■ WORK INSTRUCTIONS
Nothing but the lines from the one containing "Оседлые птицы - признаки, особенности, названия" through the final line of the data should be repeated, and each must be exact.

──────── RECORDS TO PROCESS

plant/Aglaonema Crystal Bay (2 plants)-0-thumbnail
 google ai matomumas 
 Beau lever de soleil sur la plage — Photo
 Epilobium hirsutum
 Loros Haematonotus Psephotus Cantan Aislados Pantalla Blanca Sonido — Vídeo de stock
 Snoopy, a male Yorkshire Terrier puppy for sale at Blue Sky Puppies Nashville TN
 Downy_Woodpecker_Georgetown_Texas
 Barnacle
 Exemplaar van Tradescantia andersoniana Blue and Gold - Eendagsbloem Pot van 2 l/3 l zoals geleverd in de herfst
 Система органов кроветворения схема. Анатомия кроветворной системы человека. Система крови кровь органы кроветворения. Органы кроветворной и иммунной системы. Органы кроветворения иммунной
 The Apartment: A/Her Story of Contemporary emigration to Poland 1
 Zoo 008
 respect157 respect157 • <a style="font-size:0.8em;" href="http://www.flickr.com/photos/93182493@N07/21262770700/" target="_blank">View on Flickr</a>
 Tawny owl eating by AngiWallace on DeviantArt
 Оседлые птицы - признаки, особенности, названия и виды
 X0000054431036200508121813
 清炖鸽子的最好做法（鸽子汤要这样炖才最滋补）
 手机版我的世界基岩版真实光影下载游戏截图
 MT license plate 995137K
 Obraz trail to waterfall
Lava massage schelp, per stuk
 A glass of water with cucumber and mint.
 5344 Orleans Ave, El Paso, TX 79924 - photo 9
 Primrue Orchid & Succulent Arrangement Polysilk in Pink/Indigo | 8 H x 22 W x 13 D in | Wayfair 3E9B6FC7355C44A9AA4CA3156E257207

────────────────

■ ANSWER BELOW
 Оседлые птицы - признаки, особенности, названия и виды
 X0000054431036200508121813
 清炖鸽子的最好做法（鸽子汤要这样炖才最滋补）
 手机版我的世界基岩版真实光影下载游戏截图
 MT license plate 995137K
 Obraz trail to waterfall
Lava massage schelp, per stuk
 A glass of water with cucumber and mint.
 5344 Orleans Ave, El Paso, TX 79924 - photo 9
 Primrue Orchid & Succulent Arrangement Polysilk in Pink/Indigo | 8 H x 22 W x 13 D in | Wayfair 3E9B6FC7355C44A9AA4CA3156E257207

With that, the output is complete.